** REQUIRED ACTION **
In the listing below, find the line with "重庆排球队在洲际杯积分榜上以79分稳居第一名展现强大实力" and the line with "Elysia: The World", then return them and every line between them exactly, minus the pictures.

[Opening RECORDS TO USE section]

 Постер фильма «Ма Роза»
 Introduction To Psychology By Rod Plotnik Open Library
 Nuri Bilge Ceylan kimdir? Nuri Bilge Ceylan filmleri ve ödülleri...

[Closing RECORDS TO USE section]
[Opening RECORDS TO USE section]

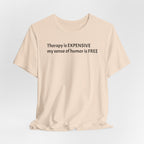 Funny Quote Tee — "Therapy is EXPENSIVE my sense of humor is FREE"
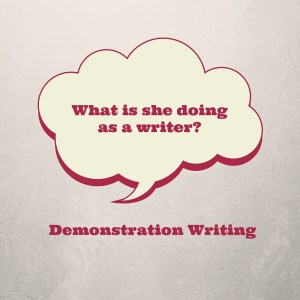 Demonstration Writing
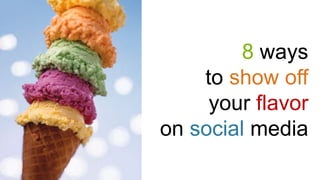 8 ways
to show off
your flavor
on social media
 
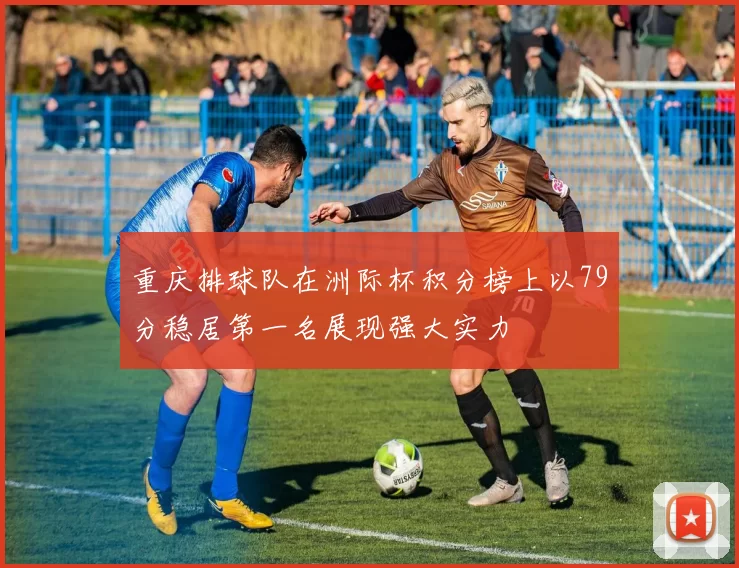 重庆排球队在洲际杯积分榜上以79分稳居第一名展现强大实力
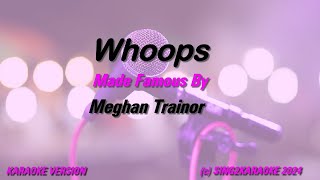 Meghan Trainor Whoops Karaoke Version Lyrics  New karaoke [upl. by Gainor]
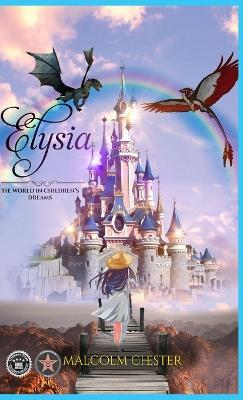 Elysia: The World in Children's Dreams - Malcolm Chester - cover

[Closing RECORDS TO USE section]
[Opening RECORDS TO USE section]

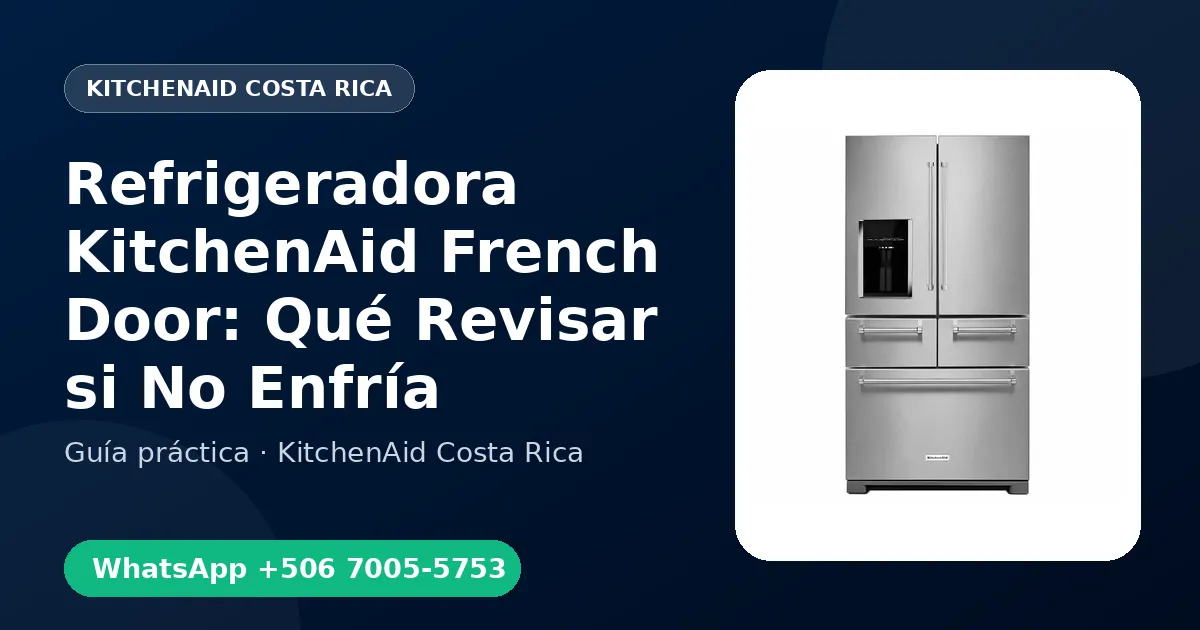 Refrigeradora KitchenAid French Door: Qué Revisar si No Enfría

[Closing RECORDS TO USE section]

** EXERCISE ANSWER **
 重庆排球队在洲际杯积分榜上以79分稳居第一名展现强大实力
 Meghan Trainor Whoops Karaoke Version Lyrics  New karaoke [upl. by Gainor]
 Elysia: The World in Children's Dreams - Malcolm Chester - cover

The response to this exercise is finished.